Au cas présent, il ressort que M. [E] a dénoncé dans un courrier du 8 octobre 2018 l’absence de fonctionnement de sa sonnette après la réalisation des travaux. En réponse la société Objectif silence a indiqué qu’il ne peut lui être reproché son dysfonctionnement alors que ses ouvriers travaillent dessus. Force est de constater que le simple fait qu’il ait été constaté que la sonnette ne fonctionnait pas à la date du constat d’huissier établi 3 ans après la fin du chantier ne peut suffire à établir un lien entre ce dysfonctionnement et la réalisation des travaux . Cette demande sera dès lors rejetée.
Sur la reprise du coffrage des colonnes non réalisé dans la chambre n°3
Cette demande n’est pas détaillée. Il ressort uniquement du courrier du 11 décembre 2018 produit aux débats que M. [E] par l’intermédiaire de son conseil indique à la société Objectif silence de lui confirmer que la cloison de gaine technique prévue au devis du 20 mars 2018 a bien été réalisée. Force est de constater que sa mention dans le courrier du 11 décembre 2018 relève plus de l’interrogation que de la formulation d’un grief et qu’en tout état de cause la présence d’une cloison de gaine technique dans la chambre n°3, telle que prévue au devis du 20 mars 2018 constitue un élément nécessairement visible dont l’absence n’a été nullement réservée à la réception. Cette demande sera rejetée.

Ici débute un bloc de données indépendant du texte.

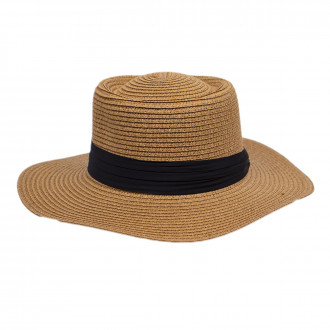 Детска лятна капела за момичета в кафяво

Sur l’absence d’isolation de la cloison séparant la chambre 1 du couloir et du placard attenant
M. [E] expose que ce désordre a été constaté par l’huissier lequel a relevé une épaisseur au-dessus de la porte de 7 cm dans la chambre n°1 et ne pas sentir, dans la chambre 3, la présence de laine de roche, alors que le devis du 20 mars 2018 prévoyait pour les « Cloisons acoustiques Chb 1, 2, 3 » une « épaisseur 98 mm » et pour la « gaine technique Ch 3 » un « isolant laine de roche 40 mm ».
La société Alliance en qualité de liquidateur judiciaire de la société Objectif silence fait valoir que dès lors que M. [E] soutient que ces désordres étaient visibles, la garantie de parfait achèvement n’a pas vocation à les couvrir, qu’en outre l’isolation a bien été réalisée.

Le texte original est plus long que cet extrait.